__Exercise instructions__
Both the line below containing "Pakistani Wedding Ensembles For Females" and the line containing "TOALHA DE BANHO", along with every line between them, should be repeated exactly; no other line belongs in the answer.

----------------------------------------

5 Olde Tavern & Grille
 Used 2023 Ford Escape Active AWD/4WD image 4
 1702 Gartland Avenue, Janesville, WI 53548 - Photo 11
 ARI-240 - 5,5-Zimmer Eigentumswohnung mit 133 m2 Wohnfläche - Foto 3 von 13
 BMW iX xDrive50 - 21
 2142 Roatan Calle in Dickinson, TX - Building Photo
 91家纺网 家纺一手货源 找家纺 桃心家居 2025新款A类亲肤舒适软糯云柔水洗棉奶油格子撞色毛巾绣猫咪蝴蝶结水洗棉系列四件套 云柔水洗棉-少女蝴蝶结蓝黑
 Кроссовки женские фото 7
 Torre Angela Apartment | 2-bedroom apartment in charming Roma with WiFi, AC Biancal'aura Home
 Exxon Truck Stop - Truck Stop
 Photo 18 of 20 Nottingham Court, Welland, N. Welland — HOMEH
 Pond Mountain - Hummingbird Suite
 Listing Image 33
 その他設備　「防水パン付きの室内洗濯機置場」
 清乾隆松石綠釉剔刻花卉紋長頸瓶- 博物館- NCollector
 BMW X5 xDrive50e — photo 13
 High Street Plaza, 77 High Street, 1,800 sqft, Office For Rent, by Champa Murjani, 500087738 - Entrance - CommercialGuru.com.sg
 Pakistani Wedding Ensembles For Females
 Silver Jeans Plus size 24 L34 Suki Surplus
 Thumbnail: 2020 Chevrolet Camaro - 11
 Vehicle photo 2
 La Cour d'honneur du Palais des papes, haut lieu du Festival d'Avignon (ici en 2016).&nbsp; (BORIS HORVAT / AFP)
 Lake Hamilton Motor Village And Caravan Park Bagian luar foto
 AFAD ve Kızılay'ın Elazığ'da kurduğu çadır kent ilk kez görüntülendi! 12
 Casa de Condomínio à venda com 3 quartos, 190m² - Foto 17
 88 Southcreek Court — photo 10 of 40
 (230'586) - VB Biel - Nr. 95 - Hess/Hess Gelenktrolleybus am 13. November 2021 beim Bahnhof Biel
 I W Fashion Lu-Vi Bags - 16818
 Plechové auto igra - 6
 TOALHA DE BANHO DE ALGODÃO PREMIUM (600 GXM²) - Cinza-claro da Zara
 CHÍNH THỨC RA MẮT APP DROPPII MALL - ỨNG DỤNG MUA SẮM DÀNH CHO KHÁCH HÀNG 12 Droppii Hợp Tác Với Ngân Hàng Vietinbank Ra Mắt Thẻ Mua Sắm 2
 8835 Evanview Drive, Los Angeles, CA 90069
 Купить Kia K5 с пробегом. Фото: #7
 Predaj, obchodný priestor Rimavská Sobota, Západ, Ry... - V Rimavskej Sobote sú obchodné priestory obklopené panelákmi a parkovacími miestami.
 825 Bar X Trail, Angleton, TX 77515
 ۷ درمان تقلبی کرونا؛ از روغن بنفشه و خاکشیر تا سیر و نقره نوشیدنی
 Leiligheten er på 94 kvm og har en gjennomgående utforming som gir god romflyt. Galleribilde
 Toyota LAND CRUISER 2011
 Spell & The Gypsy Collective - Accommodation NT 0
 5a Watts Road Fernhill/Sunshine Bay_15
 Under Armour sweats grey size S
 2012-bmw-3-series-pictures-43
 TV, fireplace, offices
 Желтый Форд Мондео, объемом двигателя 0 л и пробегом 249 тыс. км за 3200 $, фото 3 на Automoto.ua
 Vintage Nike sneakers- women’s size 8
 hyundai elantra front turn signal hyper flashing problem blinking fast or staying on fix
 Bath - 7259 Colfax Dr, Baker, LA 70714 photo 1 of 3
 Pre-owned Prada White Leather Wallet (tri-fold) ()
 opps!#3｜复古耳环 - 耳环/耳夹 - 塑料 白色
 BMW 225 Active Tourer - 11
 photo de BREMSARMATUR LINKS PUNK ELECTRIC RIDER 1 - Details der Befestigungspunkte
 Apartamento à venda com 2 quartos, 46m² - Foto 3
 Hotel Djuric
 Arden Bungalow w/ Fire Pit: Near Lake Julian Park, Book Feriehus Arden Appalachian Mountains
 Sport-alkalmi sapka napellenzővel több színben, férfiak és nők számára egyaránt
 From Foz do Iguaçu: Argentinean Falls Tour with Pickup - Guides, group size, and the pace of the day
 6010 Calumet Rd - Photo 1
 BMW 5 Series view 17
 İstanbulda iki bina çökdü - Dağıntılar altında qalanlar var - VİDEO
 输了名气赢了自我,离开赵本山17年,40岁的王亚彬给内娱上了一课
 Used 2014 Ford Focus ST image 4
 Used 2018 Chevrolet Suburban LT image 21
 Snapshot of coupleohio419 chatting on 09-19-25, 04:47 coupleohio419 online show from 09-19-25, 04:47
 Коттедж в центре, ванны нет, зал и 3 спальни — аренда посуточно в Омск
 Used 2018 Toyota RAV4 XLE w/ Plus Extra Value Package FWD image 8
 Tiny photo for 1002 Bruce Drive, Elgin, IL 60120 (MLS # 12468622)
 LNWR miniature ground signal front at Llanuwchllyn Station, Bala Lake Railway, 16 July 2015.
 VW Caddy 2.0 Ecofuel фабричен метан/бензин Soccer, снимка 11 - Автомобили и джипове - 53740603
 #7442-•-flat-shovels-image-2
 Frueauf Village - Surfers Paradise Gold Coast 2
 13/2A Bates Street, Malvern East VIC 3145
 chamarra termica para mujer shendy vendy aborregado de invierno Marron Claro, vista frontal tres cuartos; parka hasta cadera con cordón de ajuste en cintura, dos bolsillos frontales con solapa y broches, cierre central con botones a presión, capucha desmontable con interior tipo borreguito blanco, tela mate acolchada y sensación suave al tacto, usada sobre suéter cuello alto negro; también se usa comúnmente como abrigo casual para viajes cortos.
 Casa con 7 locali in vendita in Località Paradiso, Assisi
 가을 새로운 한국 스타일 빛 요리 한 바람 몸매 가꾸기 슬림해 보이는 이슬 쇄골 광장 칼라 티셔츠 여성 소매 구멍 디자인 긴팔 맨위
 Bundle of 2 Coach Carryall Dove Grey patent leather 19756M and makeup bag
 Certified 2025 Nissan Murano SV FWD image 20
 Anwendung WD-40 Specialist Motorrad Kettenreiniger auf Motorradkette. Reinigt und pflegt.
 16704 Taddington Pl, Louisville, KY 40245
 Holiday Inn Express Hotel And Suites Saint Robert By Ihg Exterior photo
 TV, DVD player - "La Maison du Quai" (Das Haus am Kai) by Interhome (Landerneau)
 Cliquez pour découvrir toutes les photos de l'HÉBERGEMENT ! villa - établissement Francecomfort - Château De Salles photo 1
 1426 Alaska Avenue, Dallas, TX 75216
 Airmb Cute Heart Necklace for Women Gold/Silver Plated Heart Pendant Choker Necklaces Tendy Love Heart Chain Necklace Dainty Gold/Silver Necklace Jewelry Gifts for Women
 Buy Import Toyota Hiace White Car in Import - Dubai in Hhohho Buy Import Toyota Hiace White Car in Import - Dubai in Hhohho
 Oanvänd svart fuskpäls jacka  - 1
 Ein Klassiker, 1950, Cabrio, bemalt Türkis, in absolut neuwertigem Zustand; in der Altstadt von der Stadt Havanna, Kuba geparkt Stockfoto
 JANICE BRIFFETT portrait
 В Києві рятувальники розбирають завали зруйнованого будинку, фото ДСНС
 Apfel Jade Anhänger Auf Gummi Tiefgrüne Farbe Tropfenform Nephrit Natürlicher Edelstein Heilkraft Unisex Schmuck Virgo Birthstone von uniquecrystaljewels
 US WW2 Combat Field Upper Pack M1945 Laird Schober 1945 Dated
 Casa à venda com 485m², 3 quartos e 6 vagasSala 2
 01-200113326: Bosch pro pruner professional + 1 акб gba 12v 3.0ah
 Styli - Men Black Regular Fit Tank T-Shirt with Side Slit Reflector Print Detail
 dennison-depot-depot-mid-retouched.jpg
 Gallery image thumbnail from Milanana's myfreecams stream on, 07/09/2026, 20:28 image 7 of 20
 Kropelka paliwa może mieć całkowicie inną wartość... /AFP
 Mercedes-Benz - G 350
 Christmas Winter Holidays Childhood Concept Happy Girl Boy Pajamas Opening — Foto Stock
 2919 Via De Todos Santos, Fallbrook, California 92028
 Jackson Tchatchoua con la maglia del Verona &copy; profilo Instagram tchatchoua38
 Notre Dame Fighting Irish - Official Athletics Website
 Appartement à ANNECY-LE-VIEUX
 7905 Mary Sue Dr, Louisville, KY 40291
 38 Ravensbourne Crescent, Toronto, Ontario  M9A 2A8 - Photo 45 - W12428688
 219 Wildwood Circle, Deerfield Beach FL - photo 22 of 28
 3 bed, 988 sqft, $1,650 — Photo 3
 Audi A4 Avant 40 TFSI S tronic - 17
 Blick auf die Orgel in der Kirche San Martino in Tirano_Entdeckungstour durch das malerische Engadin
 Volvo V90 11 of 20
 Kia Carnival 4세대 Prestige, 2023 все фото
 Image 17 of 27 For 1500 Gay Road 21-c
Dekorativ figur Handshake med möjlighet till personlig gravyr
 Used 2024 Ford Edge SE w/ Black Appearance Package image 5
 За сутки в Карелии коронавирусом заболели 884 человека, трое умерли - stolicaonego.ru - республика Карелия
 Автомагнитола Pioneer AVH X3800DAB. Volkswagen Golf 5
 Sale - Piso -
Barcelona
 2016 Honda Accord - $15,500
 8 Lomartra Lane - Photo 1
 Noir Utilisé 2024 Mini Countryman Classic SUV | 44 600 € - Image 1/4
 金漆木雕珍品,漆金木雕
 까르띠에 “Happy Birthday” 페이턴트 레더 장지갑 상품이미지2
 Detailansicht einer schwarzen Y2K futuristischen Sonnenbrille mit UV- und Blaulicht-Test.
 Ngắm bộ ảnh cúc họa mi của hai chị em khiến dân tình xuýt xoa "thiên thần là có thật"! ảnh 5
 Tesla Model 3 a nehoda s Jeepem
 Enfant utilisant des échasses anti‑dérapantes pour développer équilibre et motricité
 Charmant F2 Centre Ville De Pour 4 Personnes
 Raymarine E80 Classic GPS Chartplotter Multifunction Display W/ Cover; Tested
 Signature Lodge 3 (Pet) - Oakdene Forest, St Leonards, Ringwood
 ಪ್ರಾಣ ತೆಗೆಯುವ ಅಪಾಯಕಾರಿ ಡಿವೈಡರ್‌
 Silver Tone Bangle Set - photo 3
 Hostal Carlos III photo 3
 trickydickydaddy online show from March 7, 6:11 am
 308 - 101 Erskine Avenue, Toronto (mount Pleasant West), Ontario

----------------------------------------

__Answer for this exercise__
 Pakistani Wedding Ensembles For Females
 Silver Jeans Plus size 24 L34 Suki Surplus
 Thumbnail: 2020 Chevrolet Camaro - 11
 Vehicle photo 2
 La Cour d'honneur du Palais des papes, haut lieu du Festival d'Avignon (ici en 2016).&nbsp; (BORIS HORVAT / AFP)
 Lake Hamilton Motor Village And Caravan Park Bagian luar foto
 AFAD ve Kızılay'ın Elazığ'da kurduğu çadır kent ilk kez görüntülendi! 12
 Casa de Condomínio à venda com 3 quartos, 190m² - Foto 17
 88 Southcreek Court — photo 10 of 40
 (230'586) - VB Biel - Nr. 95 - Hess/Hess Gelenktrolleybus am 13. November 2021 beim Bahnhof Biel
 I W Fashion Lu-Vi Bags - 16818
 Plechové auto igra - 6
 TOALHA DE BANHO DE ALGODÃO PREMIUM (600 GXM²) - Cinza-claro da Zara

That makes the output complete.